2. Materials and Methods

Materials: The raw materials included bismuth acetate (C6H9BiO6, 99.9%, Macklin, Shanghai, China), anhydrous sodium acetate (NaCOOCH3, 99.0%, Sinopharm, Shanghai, China), tetrabutyl titanate (Ti(OC4H9)4, 98.0%, Sinopharm, Shanghai, China), acetylacetone (C5H8O2, 99.0%, Sinopharm, Shanghai, China), ethylene glycol monomethyl ether (99.5%, Sinopharm, Shanghai, China), acetic acid (C2H4O2, 99.5%, Sinopharm, Shanghai, China), polyvinylpyrrolidone (PVP, Mw 1300000, Macklin, Shanghai, China), absolute ethanol (CH3CH2OH, 99.7%, Tianjin Fuyu Fine Chemical Co., Ltd., Tianjin, China), N,N-dimethylformamide (DMF, 99.5%, Sinopharm, Shanghai, China), and PVDF (6020, Solvay, Shanghai, China).
Preparation of NBT sol for electrospinning: 4.0542 g of bismuth acetate and 0.8612 g of anhydrous sodium acetate were added into 30 mL of ethylene glycol methyl ether and acetic acid mixed solution. The mixed solution was stirred at 90 °C for 30 min to become a clear solution, which was recorded as liquid A. The volume ratio of ethylene glycol methyl ether and acetic acid was 1:1, and the 5% excess bismuth and sodium acetate were used to compensate for the possible loss of bismuth and sodium during high-temperature annealing. Then, 6.8064 g of tetrabutyl titanate was dissolved in 4.0044 g of acetylacetone to prevent it from being hydrolyzed in the air and stirred at 40 °C for 30 min to obtain an orange solution, which was recorded as liquid B. Liquid B was added into solution A slowly, then an appropriate amount of ethylene glycol methyl ether was added into the constant volume, and stirred at 40 °C for 12 h to obtain NBT sol, which was recorded as solution C.
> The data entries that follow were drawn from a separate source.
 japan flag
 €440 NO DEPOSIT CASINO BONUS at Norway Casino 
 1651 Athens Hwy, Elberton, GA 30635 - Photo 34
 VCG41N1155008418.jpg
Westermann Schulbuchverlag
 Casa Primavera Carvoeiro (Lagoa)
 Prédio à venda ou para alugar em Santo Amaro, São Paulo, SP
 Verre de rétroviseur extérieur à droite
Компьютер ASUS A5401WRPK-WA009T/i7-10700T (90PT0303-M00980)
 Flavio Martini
Preparation of NBT nanofibers by electrospinning: PVP and alcohol were mixed at a mass ratio of 1:4 and stirred at room temperature for 24 h to obtain a PVP alcohol solution, which was recorded as liquid D. Liquid C and liquid D were mixed in different proportions and stirred at 40 °C for 24 h to form a uniform solution. The mixed solution was put into a 10 mL disposable plastic syringe with a needle for spinning. The temperature of the electrospinning ambient was controlled at 40–50 °C, the humidity was lower than 20%, and the tip to collector distance was 15 cm. The precursor nanofibers were collected and dried at 60 °C for 48 h, and then kept at 325 °C and 700 °C for 1 h to obtain high aspect ratio NBT nanofibers.
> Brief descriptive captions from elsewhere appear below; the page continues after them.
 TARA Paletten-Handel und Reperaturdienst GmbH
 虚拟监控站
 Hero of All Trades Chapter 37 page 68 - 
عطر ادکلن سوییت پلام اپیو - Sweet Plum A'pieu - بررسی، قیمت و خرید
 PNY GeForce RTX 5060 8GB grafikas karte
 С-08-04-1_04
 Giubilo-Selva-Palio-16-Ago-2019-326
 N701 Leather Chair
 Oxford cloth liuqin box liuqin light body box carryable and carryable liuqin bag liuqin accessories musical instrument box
Fabrication of the NBT–PVDF nanocomposites: The NBT nanofibers were ultrasonically dispersed in a DMF solution for 30 min. Then, PVDF powders were added into the mixture solution in proportion and stirred at 40 °C for 24 h. The NBT–PVDF suspensions with different weight fractions (2 wt%, 4 wt%, 6 wt%, 8 wt%) were prepared. The suspensions were evenly coated on the glass substrate by solution casting method and dried at 80 °C for 12 h in a vacuum. The nanocomposites were hot pressed at 210 °C for 30 min followed by immediately quenching in ice water, and then vacuum dried at 80 °C for 12 h to volatilize the residual water.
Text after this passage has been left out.